American Independence creates mutual funds sub-advised by Cougar Global
American Independence Financial Services has created four funds based on strategies from Cougar Global, a Toronto-based investment manager specialising in global tactical exchange-traded fund (ETF) portfolios.
The funds are based on Cougar Global’s ETF-based Macroeconomic Assessment of Risk (MAR) strategy, a macro-driven tactical ETF asset allocation methodology offering downside risk protection.
American Independence will provide oversight, marketing, administration and execution. The funds will be marketed to financial intermediaries in the US.
“These funds are structured for investors who are concerned about equity market volatility, but do not want to miss out on the wealth-accumulation possibilities that the markets have to offer. The MAR strategy helps investors get invested when the macro picture is favourable and shift to a defensive posture when it’s not, seeking the highest return consistent with a limited probability of loss,” says Charles McNally of American Independence, co-portfolio manager of the funds.

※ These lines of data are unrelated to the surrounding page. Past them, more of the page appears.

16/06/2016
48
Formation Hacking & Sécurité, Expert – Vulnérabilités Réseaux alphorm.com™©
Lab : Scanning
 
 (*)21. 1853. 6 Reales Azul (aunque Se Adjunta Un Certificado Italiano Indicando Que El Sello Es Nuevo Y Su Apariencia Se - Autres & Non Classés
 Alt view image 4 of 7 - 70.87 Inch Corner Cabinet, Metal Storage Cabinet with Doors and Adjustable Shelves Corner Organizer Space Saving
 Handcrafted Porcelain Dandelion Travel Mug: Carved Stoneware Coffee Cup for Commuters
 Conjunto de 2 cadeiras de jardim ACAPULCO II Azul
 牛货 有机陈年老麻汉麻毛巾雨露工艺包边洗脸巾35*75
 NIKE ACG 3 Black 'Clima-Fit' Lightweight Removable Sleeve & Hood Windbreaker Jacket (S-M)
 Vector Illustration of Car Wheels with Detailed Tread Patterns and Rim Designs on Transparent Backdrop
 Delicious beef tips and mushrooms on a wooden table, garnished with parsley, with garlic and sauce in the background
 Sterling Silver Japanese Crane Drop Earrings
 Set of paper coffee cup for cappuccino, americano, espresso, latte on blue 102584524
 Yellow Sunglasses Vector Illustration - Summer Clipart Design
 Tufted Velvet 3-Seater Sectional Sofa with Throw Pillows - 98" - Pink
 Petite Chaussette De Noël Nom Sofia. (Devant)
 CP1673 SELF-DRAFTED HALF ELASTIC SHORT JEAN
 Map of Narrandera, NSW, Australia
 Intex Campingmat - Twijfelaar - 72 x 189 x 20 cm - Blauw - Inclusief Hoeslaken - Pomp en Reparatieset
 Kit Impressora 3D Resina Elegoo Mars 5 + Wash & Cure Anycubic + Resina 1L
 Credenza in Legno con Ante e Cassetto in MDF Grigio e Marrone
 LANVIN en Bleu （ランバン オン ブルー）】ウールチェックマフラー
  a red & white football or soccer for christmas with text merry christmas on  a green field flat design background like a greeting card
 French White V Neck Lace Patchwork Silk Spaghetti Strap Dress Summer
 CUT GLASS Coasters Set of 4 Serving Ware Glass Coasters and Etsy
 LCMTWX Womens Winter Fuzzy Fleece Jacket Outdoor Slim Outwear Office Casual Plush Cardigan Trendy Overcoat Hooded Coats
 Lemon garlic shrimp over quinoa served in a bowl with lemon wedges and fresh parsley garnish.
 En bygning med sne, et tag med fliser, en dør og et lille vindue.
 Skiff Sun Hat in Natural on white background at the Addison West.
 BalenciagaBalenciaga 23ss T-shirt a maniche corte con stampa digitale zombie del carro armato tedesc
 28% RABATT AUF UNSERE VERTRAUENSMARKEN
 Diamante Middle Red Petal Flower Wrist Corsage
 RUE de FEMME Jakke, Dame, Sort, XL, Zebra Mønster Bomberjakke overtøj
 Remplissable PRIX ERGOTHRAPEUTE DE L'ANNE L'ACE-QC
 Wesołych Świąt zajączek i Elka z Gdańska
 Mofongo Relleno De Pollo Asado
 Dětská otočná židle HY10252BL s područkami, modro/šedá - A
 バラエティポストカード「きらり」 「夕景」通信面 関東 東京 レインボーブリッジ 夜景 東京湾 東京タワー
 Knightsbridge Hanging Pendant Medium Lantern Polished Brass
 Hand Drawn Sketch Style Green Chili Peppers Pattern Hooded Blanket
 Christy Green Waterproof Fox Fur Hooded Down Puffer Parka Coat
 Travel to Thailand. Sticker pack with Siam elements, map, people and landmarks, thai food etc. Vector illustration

The strategies underlying the MAR Tactical Funds are ideal for core portfolios, each providing a variable balance of income and growth. However, the strategies’ modest correlations with traditional asset classes also make the MAR Tactical Funds useful as actively managed portfolio diversifiers.
The funds are as follows:
- MAR Tactical Conservative Fund which seeks attractive returns while targeting at most a five per cent probability of loss, targeted at clients seeking regular withdrawals for income purposes.
- MAR Tactical Moderate Growth Fund which seeks attractive returns while targeting at most a 10 per cent probability of loss, is for clients with occasional income needs and moderate risk appetite.
- MAR Tactical Growth Fund which seeks attractive returns while targeting at most a 15 per cent probability of loss, is for clients with a long-term investment horizon.
- MAR Tactical Aggressive Growth Fund which seeks attractive returns while targeting at most a 20 per cent probability of loss, is for clients with a long-term investment horizon who are willing to tolerate higher volatility.
The Cougar Global MAR strategies employ a top-down investment discipline that seeks to achieve the compound growth rate required for investors to meet their specific financial goals over time, while managing downside risk by limiting the probability of negative returns in any given year. The investment process incorporates multiple macroeconomic scenario analyses and third-party research. It then constructs portfolios designed to perform with the appropriate risk/return trade-offs.